Juozas Bartašiūnas (12 July 1897 – 25 August 1972) was a Soviet state security officer who served as People's Commissar of Internal Affairs (NKVD) of the Lithuanian SSR.

== Biography ==
Bartašiūnas was born in to a poor Lithuanian peasant family. From December 1912 he worked as a stevedore in the port of Riga. In May 1915 he was drafted into the Imperial Russian Army and served in the Smolensk and Livonia Governorates, and from April 1916 to January 1918 on the German Front. Then, after demobilization, he joined the Latvian Rifle Regiment of the Red Army in Moscow. From June to August 1918 he served on the Eastern Front of the Russian Civil War, after which he became a company politruk in a Latvian Rifle Regiment on the Western and then Southern Fronts. From November 1920 to June 1921 he was a politruk in the Kherson Governorate. He became a member of the Russian Communist Party in 1919.

From June 1921, Bartašiūnas worked in the organs of the provincial Cheka in Smolensk, then held positions in the organs of the OGPU Western Military District and the Belarusian Military District, in the Border Troops of the OGPU in Soviet Belarus, and in the NKVD troops of the Baltic Military District. On March 26, 1936, he was awarded the rank of colonel.

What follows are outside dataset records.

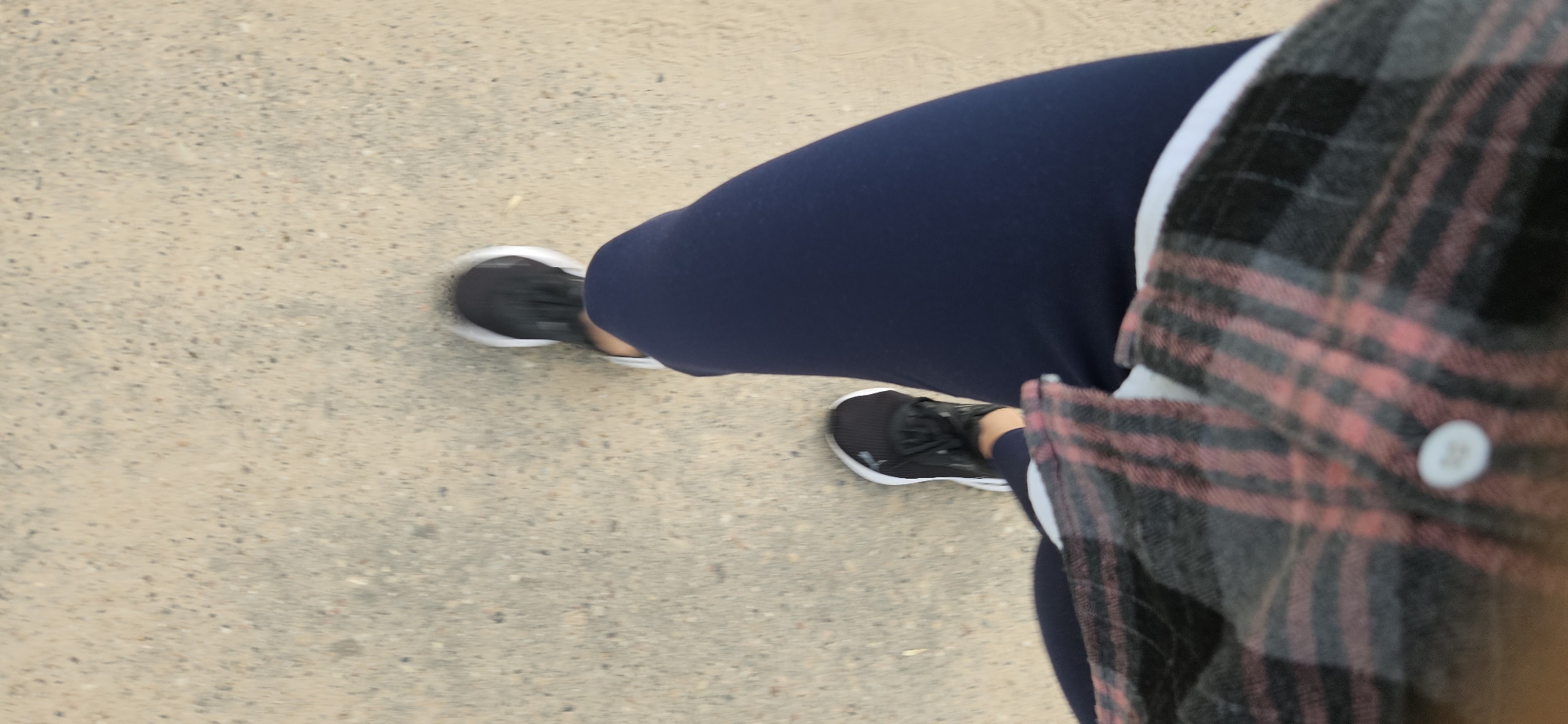 A first-person perspective shot shows a person walking on a light-colored, gritty surface, likely a sidewalk or path. The individual is wearing dark blue leggings, black and white athletic shoes, and a plaid shirt with pink and gray stripes. The lower part of the legs and feet are in focus, while the upper body and surrounding environment are blurred due to motion. The camera angle is looking down at the person's legs as they walk. There is no discernible location within the city of Vitsebsk, Belarus, as the background is generic.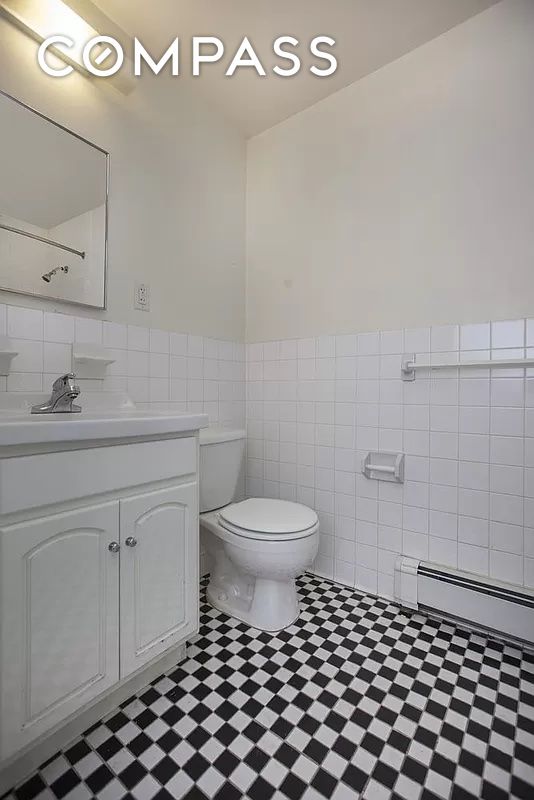 bathroom with tile walls, a baseboard radiator, toilet, wainscoting, and vanity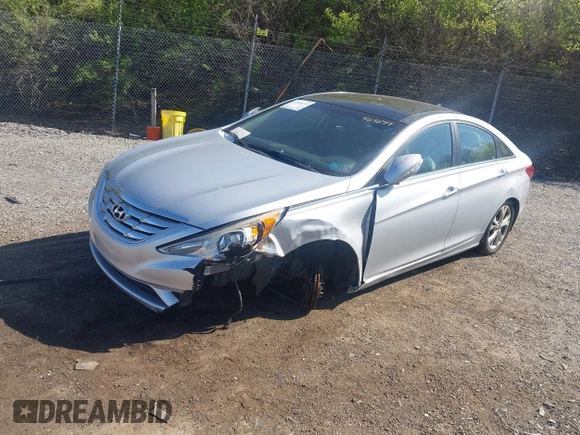 2012 Hyundai Sonata Limited z VIN 5NPEC4AC2CH469899, wystawiony jako IAAI lot #42008219 z przebiegiem 167 679 mil mil oraz . Historia ofert i sprzedaży dostępna na DreamBid. Obrazek 2.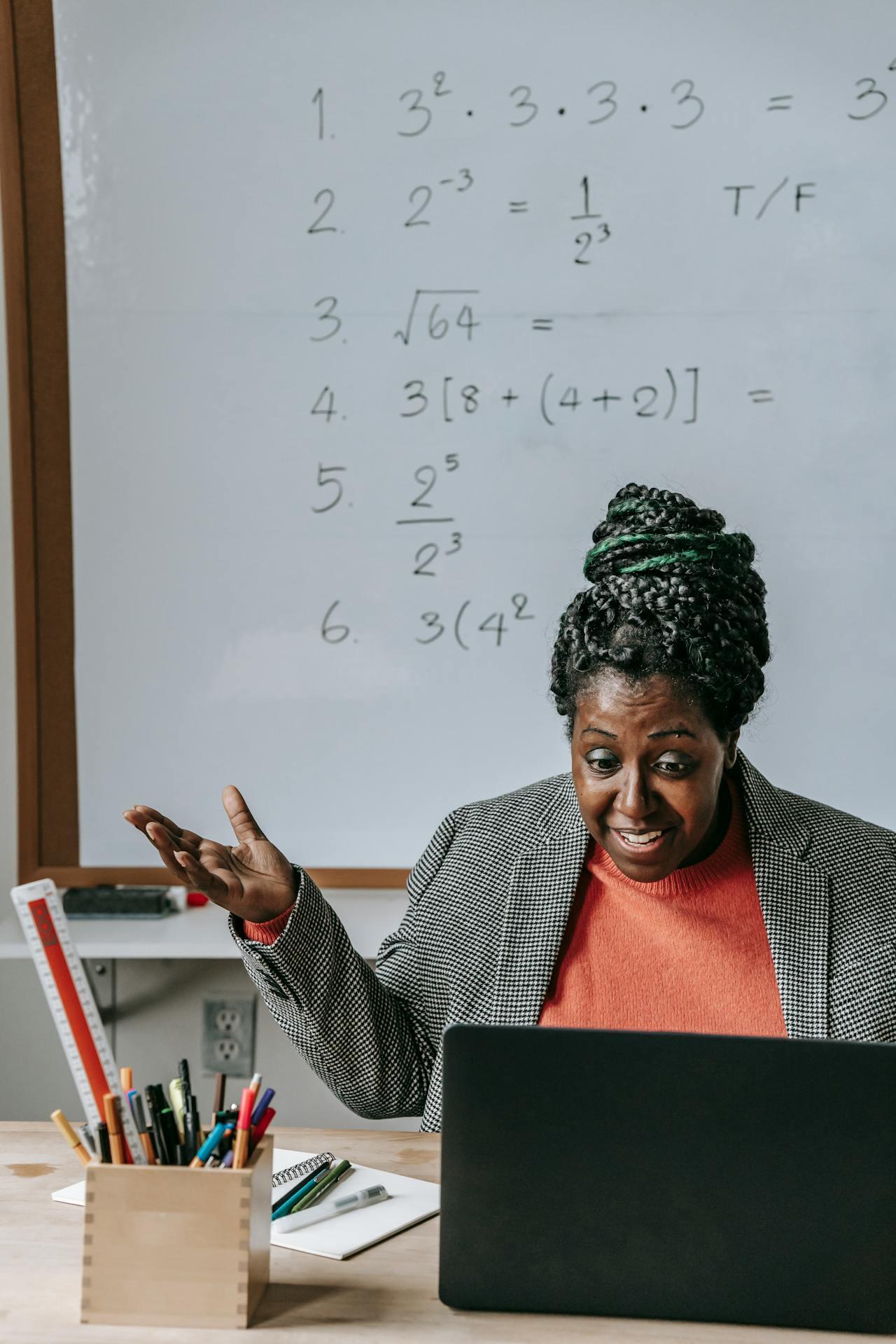 Excited black teacher explaining math lesson online with laptop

In 19940-41he sas Head of the Special Department of the NKVD 29th Infantry Corps, from 1941 to 1944 Head of the Special Department of the NKVD/Counterintelligence Department of the 16th Infantry Division. On February 14, 1944, he was appointed Colonel of State Security and on September 22, 1944, Commissar of State Security. From July 1944 to March 1953, Bartašiūnas became People's Commissar/Minister of Internal Affairs of the Lithuanian SSR. He was promoted to Major General from July 9, 1945. He directed the activities of the NKVD security apparatus and troops in combating the anti-communist and anti-Soviet underground (including Polish) in the Lithuanian SSR.

From December 30, 1944, to February 15, 1949, he was a member of the Politburo of the Central Committee of the Communist Party of Lithuania, and from February 19, 1949, to September 22, 1952, a deputy member of the Politburo of the Central Committee of the CPL. On May 30, 1953, he retired from service in the security services. He was a deputy to the Supreme Soviet of the USSR of the second convocation.